Netflix got tons of complaints when they started the auto-play feature, especially from users with data caps who said it was wasting bandwidth if they fell asleep watching a program. They added the capability to disable it, but they have ignored all the complaints about shrinking the credits and the other annoying features. There are tons of complaints on Reddit and other sites, so it's pretty clear they are just ignoring the complaints they get from subscribers.

BTW, what are AP and ATV?


----------



## inkahauts

They all prefer to have you watching while sleeping so they can increase numbers over just stopping at the end of an episode.


----------



## TheRatPatrol

the2130 said:


> BTW, what are AP and ATV?


AP = Amazon Prime
ATV = All Terran Veh..... OH wait.....Apple TV.


----------



## the2130

TheRatPatrol said:


> AP = Amazon Prime
> ATV = All Terran Veh..... OH wait.....Apple TV.


Thanks, I get it now.


----------



## the2130

inkahauts said:


> They all prefer to have you watching while sleeping so they can increase numbers over just stopping at the end of an episode.


Aside from the data usage, it would be annoying to have to go back and figure out what episode you were on when you fell asleep.


----------



## Rich

lparsons21 said:


> Yeah, Tivo is not doing so well. They are following the ATT methodology to improve that by pissing off their customers!
> 
> Sent from my iPad using Tapatalk Pro


Just read this article this morning: Confirmed: TiVo Will Start Airing Pre-Roll Ads on Your DVR Recordings - Cord Cutters News
Yeah, that would aggravate me.

Rich


----------



## Rich

the2130 said:


> Netflix got tons of complaints when they started the auto-play feature, especially from users with data caps who said it was wasting bandwidth if they fell asleep watching a program.
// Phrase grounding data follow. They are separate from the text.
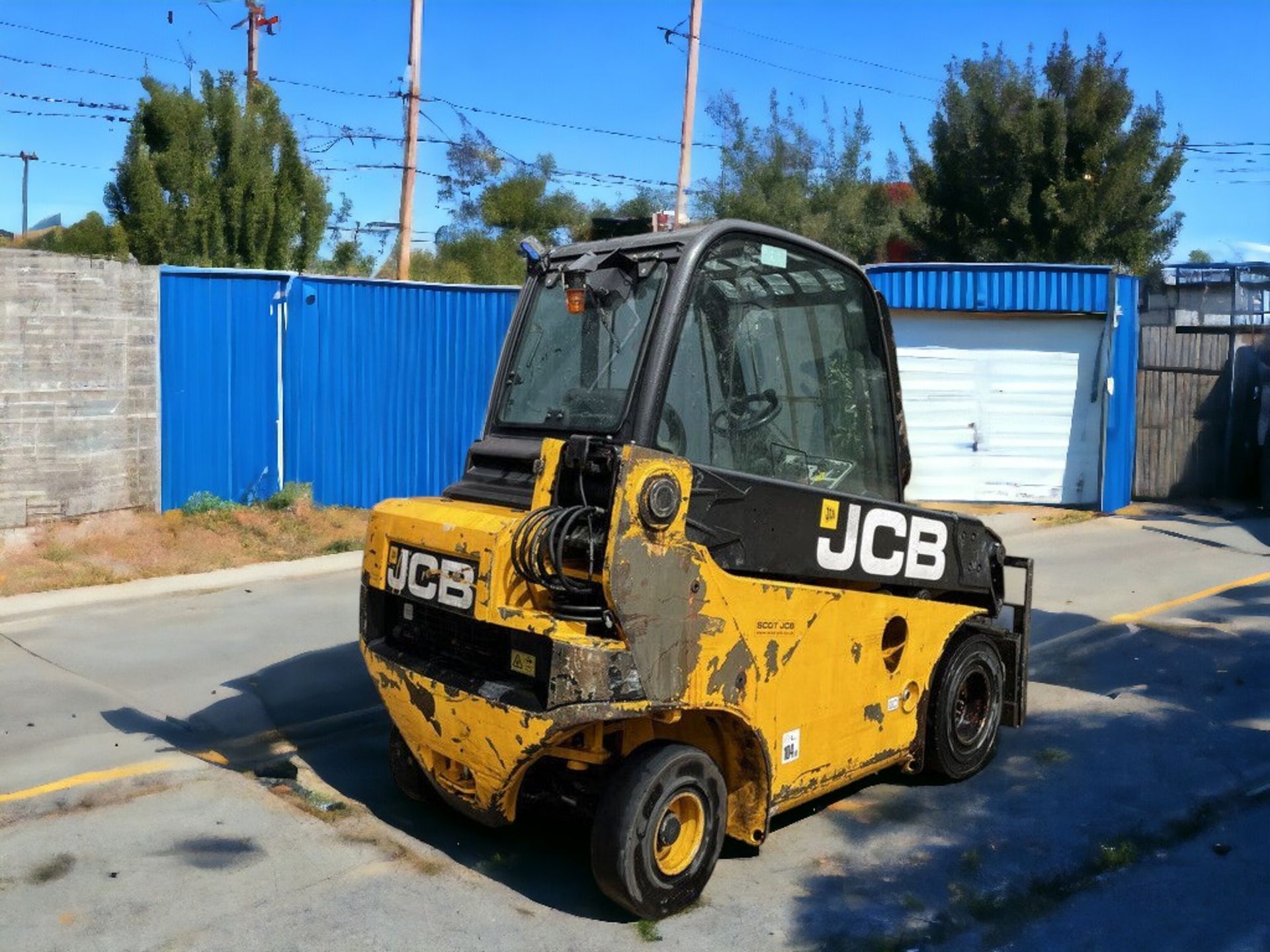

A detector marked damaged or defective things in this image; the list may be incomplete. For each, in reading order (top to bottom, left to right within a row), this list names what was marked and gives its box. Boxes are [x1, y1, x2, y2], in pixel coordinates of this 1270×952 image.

chipped yellow paint [363, 439, 985, 842]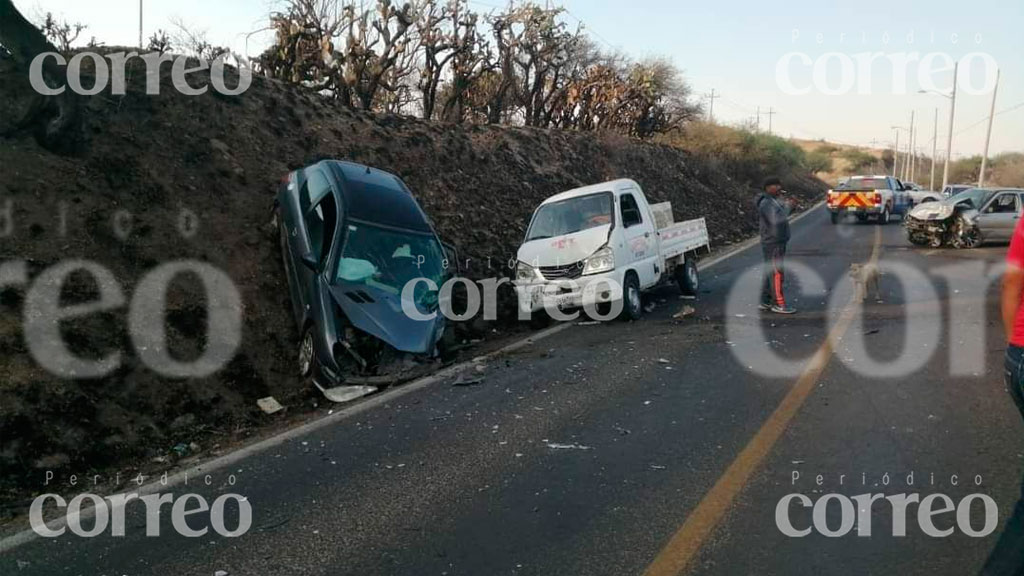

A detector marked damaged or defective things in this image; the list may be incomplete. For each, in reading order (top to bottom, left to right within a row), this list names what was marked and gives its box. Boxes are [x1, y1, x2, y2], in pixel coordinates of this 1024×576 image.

crashed car [905, 187, 1024, 248]
crashed car [272, 158, 452, 397]
damaged car hood [327, 280, 440, 352]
They added the capability to disable it, but they have ignored all the complaints about shrinking the credits and the other annoying features. There are tons of complaints on Reddit and other sites, so it's pretty clear they are just ignoring the complaints they get from subscribers.
> 
> BTW, what are AP and ATV?


*A*mazon *P*rime and *A*pple *TV* boxes. I knew about the complaints, but you said they added the capability to disable the auto-play, how is that done? It's not a big annoyance to me but I'd be happy if I could stop it.
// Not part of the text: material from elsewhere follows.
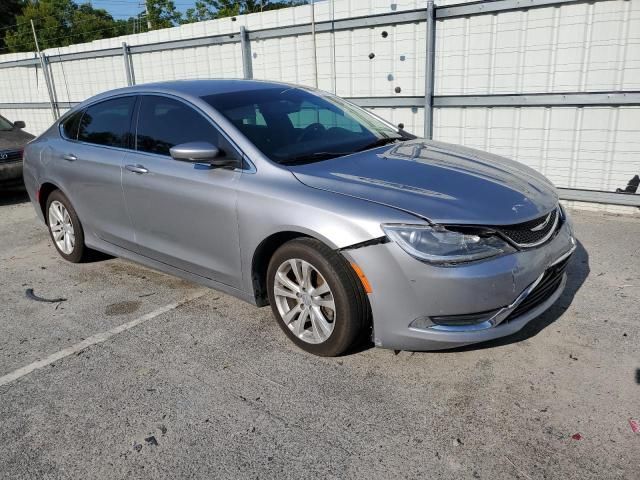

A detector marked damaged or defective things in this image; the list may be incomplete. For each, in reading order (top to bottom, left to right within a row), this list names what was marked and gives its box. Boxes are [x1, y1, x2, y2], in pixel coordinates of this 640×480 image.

front bumper damage [344, 219, 576, 350]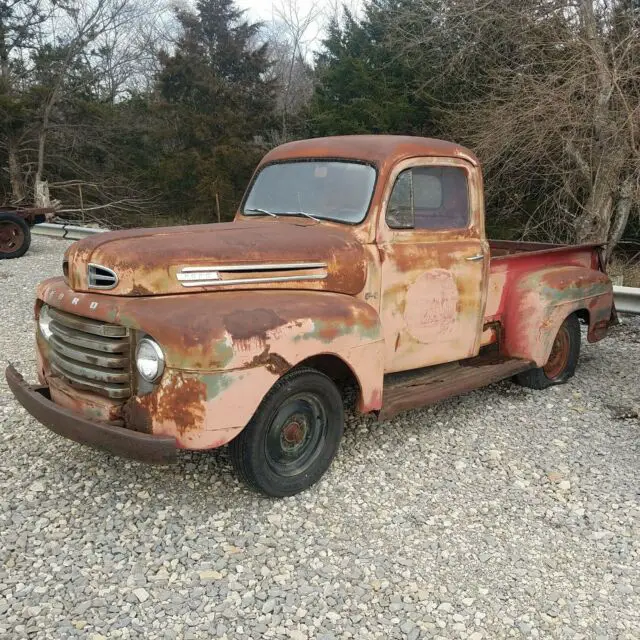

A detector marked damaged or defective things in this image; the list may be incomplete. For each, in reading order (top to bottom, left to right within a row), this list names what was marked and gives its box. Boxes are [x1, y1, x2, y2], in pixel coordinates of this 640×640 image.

rusty ford truck [5, 135, 616, 496]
Like I said, someone in power at NF must really like the concept of auto-play.

Rich


----------



## Rich

inkahauts said:


> They all prefer to have you watching while sleeping so they can increase numbers over just stopping at the end of an episode.


Thinking conspiracy? That would fit into the way things are going today.

Rich


----------



## crkeehn

Rich said:


> *A*mazon *P*rime and *A*pple *TV* boxes. I knew about the complaints, but you said they added the capability to disable the auto-play, how is that done? It's not a big annoyance to me but I'd be happy if I could stop it.
> 
> Like I said, someone in power at NF must really like the concept of auto-play.
> 
> Rich


Go into Netflix on the web. Select Account (upper right hand side) and when you open the account menu, open Playback Settings. You can disable autoplay there.


----------



## phrelin

On this thread I have learned that although Netflix caters to the binge watcher with the next episode auto-play default, they do offer old guys like me the option of turning it off. My frustration level with NF dropped significantly!


----------



## Rich

crkeehn said:


> Go into Netflix on the web. Select Account (upper right hand side) and when you open the account menu, open Playback Settings. You can disable autoplay there.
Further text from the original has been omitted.